Julie rose to her feet, the color dying out of her face, her passionate eyes on the Duchess, who stood facing her friend, guiltily pale, and ready to cry.
XIV
On the morning following these events, Warkworth went down to the Isle of Wight to see his mother. On the journey he thought much of Julie. They had parted awkwardly the night before. The evening, which had promised so well, had, after all, lacked finish and point. What on earth had that tiresome Miss Lawrence wanted with him? They had talked of Simla and the Moffatts. The conversation had gone in spurts, she looking at him every now and then with eyes that seemed to say more than her words. All that she had actually said was perfectly insignificant and trivial. Yet there was something curious in her manner, and when the time came for him to take his departure she had bade him a frosty little farewell.

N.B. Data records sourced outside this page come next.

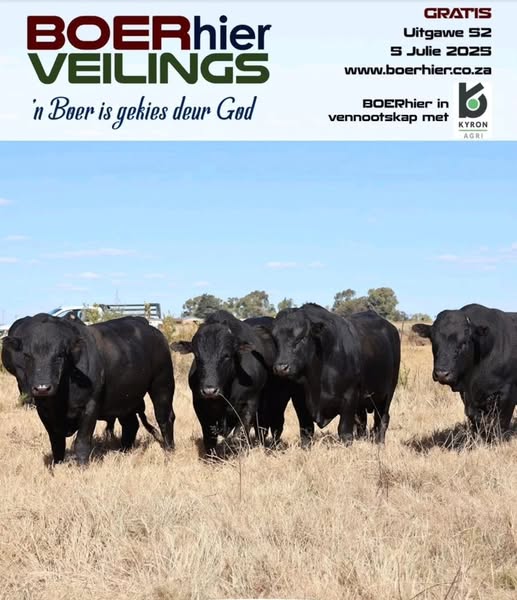 516893026_122175679298353464_8328771286759963263_n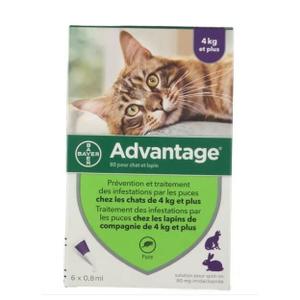 2145547-anti-puces-elanco-advantage-4-10-kg-c-vert-blanc-tu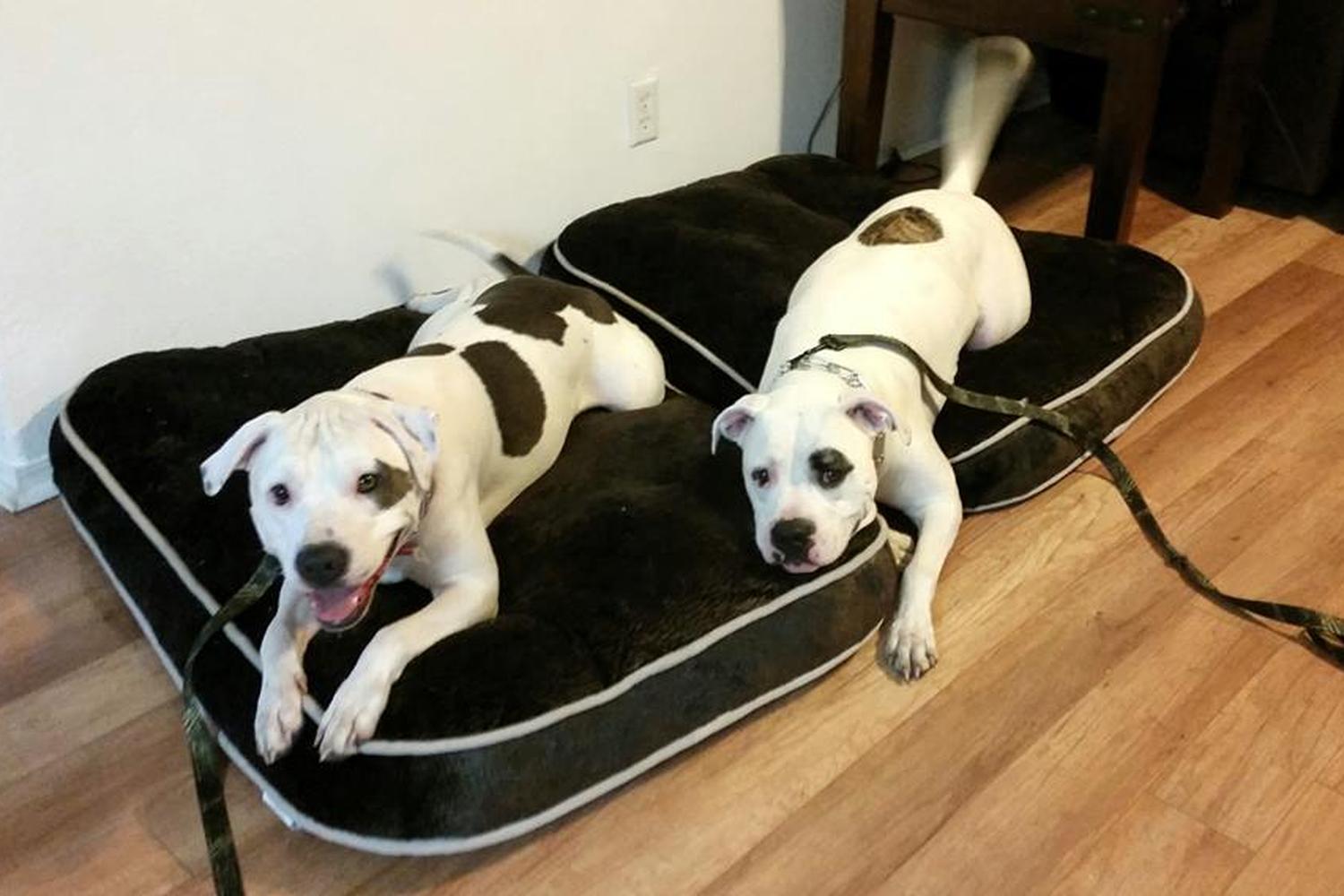 Beltway Dog Training 4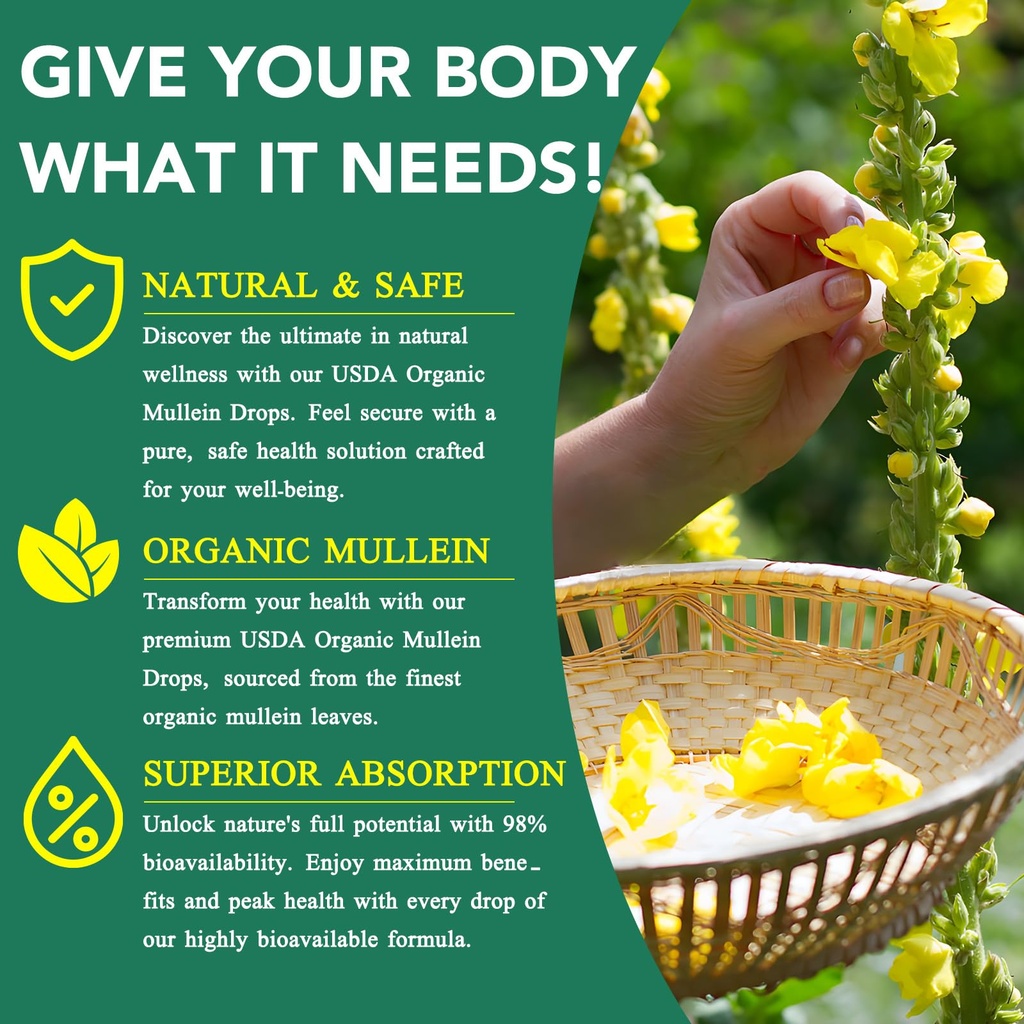 mullein-drops-for-lungs-2-fl-oz-mullein--6.jpg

She had described herself once or twice as a great friend of Lady Blanche Moffatt. Was it possible?
But if Lady Blanche, whose habits of sentimental indiscretion were ingrained, had gossiped to this lady, what then? Why should he be frowned on by Miss Lawrence, or anybody else? That malicious talk at Simla had soon exhausted itself. His present appointment was a triumphant answer to it all. His slanderers--including Aileen's ridiculous guardians--could only look foolish if they pursued the matter any further. What "trap" was there--what mésalliance? A successful soldier was good enough for anybody. Look at the first Lord Clyde, and scores besides.
The Duchess, too. Why had she treated him so well at first, and so cavalierly after dinner? Her manners were really too uncertain.
What was the matter, and why did she dislike him? He pondered over it a good deal, and with much soreness of spirit. Like many men capable of very selfish or very cruel conduct, he was extremely sensitive, and took keen notice of the fact that a person liked or disliked him.
If the Duchess disliked him it could not be merely on account of the Simla story, even though the old maid might conceivably have given her a jaundiced account. The Duchess knew nothing of Aileen, and was little influenced, so far as he had observed her, by considerations of abstract justice or propriety, affecting persons whom she had never seen.
No, she was Julie's friend, the little wilful lady, and it was for Julie she ruffled her feathers, like an angry dove.